Achieving state-of-the-art results in HPC and AI research requires building the biggest models, but these demand more memory capacity and bandwidth than ever before.
The A100 80 GB GPU provides double the memory of its predecessor, which was introduced just six months ago, and breaks the 2 TB per second barrier, enabling researchers to tackle the world’s most important scientific and big data challenges.
With over 2 TB/s of memory bandwidth, the A100 GPU is now the world’s fastest data center GPU. NVIDIA is already incorporating it into its DGX A100 AI and new DGX Station A100 “data center in a box” systems. By using NVIDIA’s multi-instance GPU (MIG) technology, the A100’s memory can also be partitioned out, allowing it to multitask for smaller projects. It can then be configured to run up to seven MIGs with 10 GB each.
A100 80 GB Technical Specifications
- Third-Generation Tensor Cores: Provide up to 20x AI throughput of the previous Volta generation with a new format TF32, as well as 2.5x FP64 for HPC, 20x INT8 for AI inference, and support for the BF16 data format.
- Larger, Faster HBM2e GPU Memory: Doubles the memory capacity and is the first in the industry to offer more than 2 TB per second of memory bandwidth.

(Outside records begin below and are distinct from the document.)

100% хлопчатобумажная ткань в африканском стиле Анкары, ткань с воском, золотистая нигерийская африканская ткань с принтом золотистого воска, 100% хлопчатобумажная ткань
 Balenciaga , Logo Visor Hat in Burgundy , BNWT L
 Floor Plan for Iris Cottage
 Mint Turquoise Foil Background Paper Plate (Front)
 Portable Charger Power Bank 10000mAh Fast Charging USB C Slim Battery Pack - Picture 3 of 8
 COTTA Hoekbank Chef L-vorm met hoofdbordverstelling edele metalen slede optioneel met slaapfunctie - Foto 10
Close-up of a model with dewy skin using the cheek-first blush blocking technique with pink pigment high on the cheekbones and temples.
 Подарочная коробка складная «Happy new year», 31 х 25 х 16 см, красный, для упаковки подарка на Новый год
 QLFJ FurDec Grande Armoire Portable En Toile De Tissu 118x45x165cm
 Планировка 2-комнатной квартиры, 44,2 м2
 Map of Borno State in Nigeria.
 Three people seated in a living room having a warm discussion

- MIG technology: Doubles the memory per isolated instance, providing up to seven MIGs with 10 GB each.
- Structural Sparsity: Delivers up to a 2x speedup inferencing sparse models.
- Third-Generation NVLink and NVSwitch: Provide twice the GPU-to-GPU bandwidth of the previous generation interconnect technology, accelerating data transfers to the GPU for data-intensive workloads to 600 gigabytes per second.